Шрифт:
Мирабо прекрасно всё понял. Благодаря своему опыту Монморен фактически стал первым министром, и, чтобы достойно играть свою роль, он был готов следовать советам своего гостя. Неужели Мирабо и впрямь станет «серым кардиналом»?
Дальнейшие объяснения де Монморена вселяли надежду: резко раскритиковав Ламетов, тот уверял, что Талейран у него в руках, и думал, что Барнав может стать союзником. Наконец, ловкая лесть довершила дело:
— Вы один сумели утратить популярность благодаря своему мужеству и вернуть ее благодаря своей осторожности.
Чего конкретно хотел де Монморен от Мирабо? Тот свел предложения министра к трем следующим пунктам:
наметить план, который позволит завершить работу Национального собрания без потрясений;
переломить общественное мнение в департаментах, проследить за выборами и вернуть популярность королеве;
добиться доверия королевы к министру.
«Я был слишком убежден в искренности господина де Монморена, чтобы не быть искренним самому», — думал Мирабо, выходя на улицу около двух часов ночи.

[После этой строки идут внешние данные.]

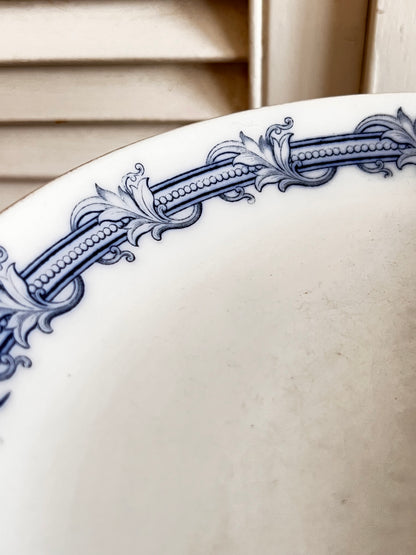 Antieke compotier op voet van Villeroy &amp; Boch , fruitschaal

Перед уходом он тепло пожал обе руки хозяина дома:
— Я слышал не министра короля, порой вынужденного лукавить, а господина де Монморена, со мной говорил человек чести, который не хочет меня обманывать. Я стану вам служить; я поддержу вас всей своей властью. Прежде всего надлежит разработать план, и я сообщу вам несколько идей по этому поводу. Ваше поведение с королевой вызовет доверие к вам с ее стороны. Если хотите добиться расположения, меньше сомневайтесь в нем.
Оба расстались, «весьма довольные друг другом».

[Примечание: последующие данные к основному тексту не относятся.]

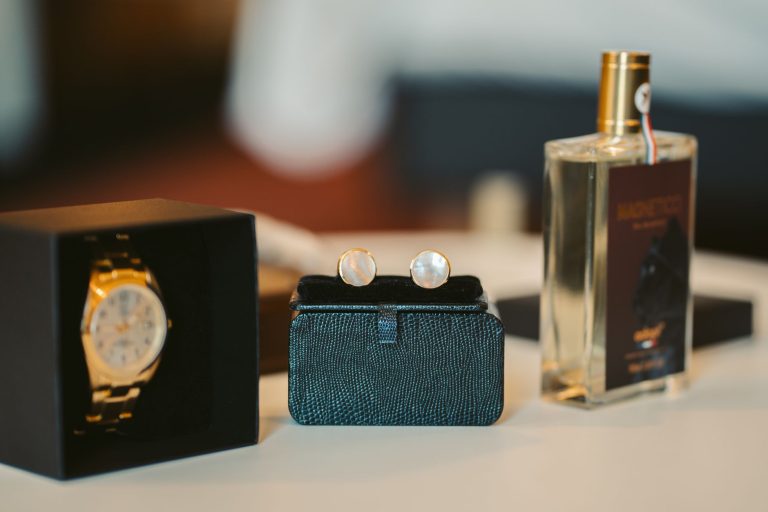 Perfumy dla pana młodego: jak dobrać trwały zapach na dzień ślubu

Мирабо горел решимостью сдержать свои обещания; не теряя времени, он вернул доверие королевы к Монморену — он и не мог подозревать, что эта милость будет стоить министру головы в сентябре 1792 года.
На разработку же плана требовалось несколько дней.

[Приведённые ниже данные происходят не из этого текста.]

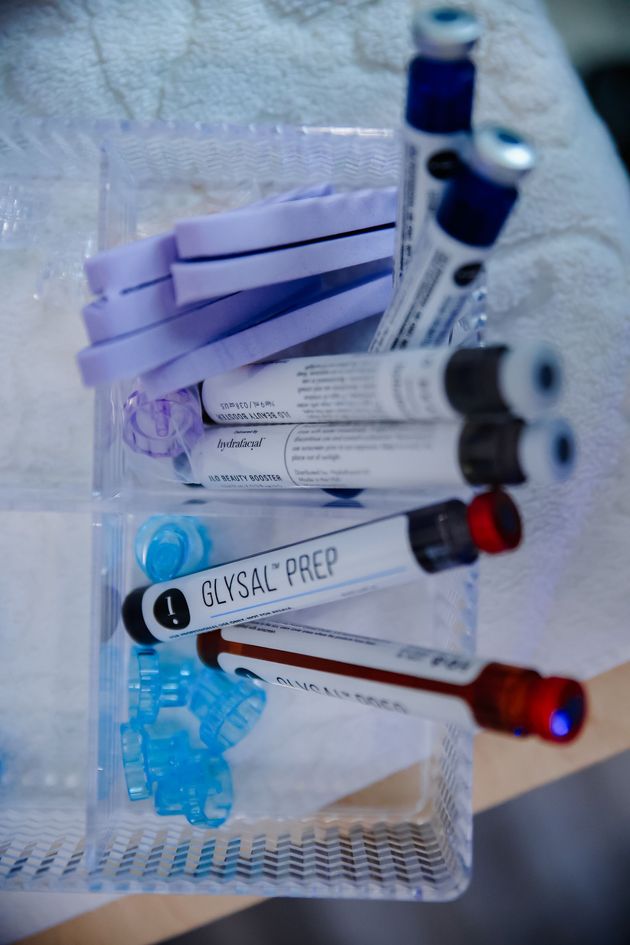 Clear test tubes and pipettes on a white tray with blue and red liquids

— Это новорожденное дитя, — объяснял Мирабо Ламарку 6 декабря 1790 года, — нужно дать ему время подрасти.
Чувствуя, как в нем возрождается душа Макиавелли, Мирабо взялся за дело, чтобы подготовить грандиозный план, о котором идет речь в сорок седьмой «записке двору».
Окончательная разработка плана, уже набросанного в общих чертах задолго до союза с Монмореном, застопорилась из-за крупных волнений на юге Франции. Хотя сражение разыгрывалось в Париже, Мирабо не терял из виду свою малую родину; сквозь политические амбиции просачивались застарелые мечты, выраженные Другом людей: «Сделать прованский род французским родом».
Беспорядки в Авиньоне разожгли пожар рядом с Эксом и Марселем. Захваченные новыми идеями жители графства Венессен восстали против власти папы и потребовали присоединить графство к Франции. Их пожелание передали дипломатическому комитету Национального собрания, левые высказались «за», правые — «против».
Во избежание несвоевременного разрыва с Римом Мирабо лавировал между двумя крайностями; вместо того чтобы представить доклад, он ограничился простыми замечаниями; намеренно отступив от природного права людей выбирать себе господина, он ограничился рассмотрением того, существует ли в настоящий момент интерес для Франции аннексировать Авиньон. Существование этого интереса показалось ему недоказанным, и он предложил направить войска, но только чтобы восстановить порядок, и отложить дебаты о присоединении папских земель к Франции. Однако присутствие войск в Авиньоне и кровавые беспорядки в этом городе усилили брожение в умах южан.
Мирабо, чувствуя себя морально ответственным за порядок в провинции, представителем которой он являлся, пристально следил за развитием событий, которые, как ему казалось, возвещали серьезные потрясения.
Революция продолжалась уже полтора года, а дворянство Экса осталось таким же непонятливым, как тогда, когда Мирабо столкнулся с ним на предвыборных ассамблеях; оно по-прежнему проводило закрытые собрания, на которых носили белую кокарду, и браталось с реакционными элементами в гарнизоне.
После одной совместной попойки дворяне и офицеры принялись оскорблять членов республиканского клуба; завязалась драка, а затем и перестрелка. Последовали аресты; из аристократов посадили Паскалиса — знаменитого адвоката, который вместе с Порталисом защищал интересы Эмили де Мариньян, когда ее муж требовал возобновления супружеской жизни.
Похоже, эксских дворян арестовали, чтобы обеспечить им безопасность. К несчастью, муниципалитет, пытаясь успокоить толпу, неосторожно отпустил регулярные войска, пожелав поддерживать порядок силами Национальной гвардии. Этот метод а-ля Мирабо удался бы при наличии вождя; но поскольку его не было, Национальная гвардия была быстро сломлена. Толпа пошла на тюрьму, выломала двери, схватила Паскалиса с двумя другими аристократами и повесила их на высоких платанах, осенявших двор.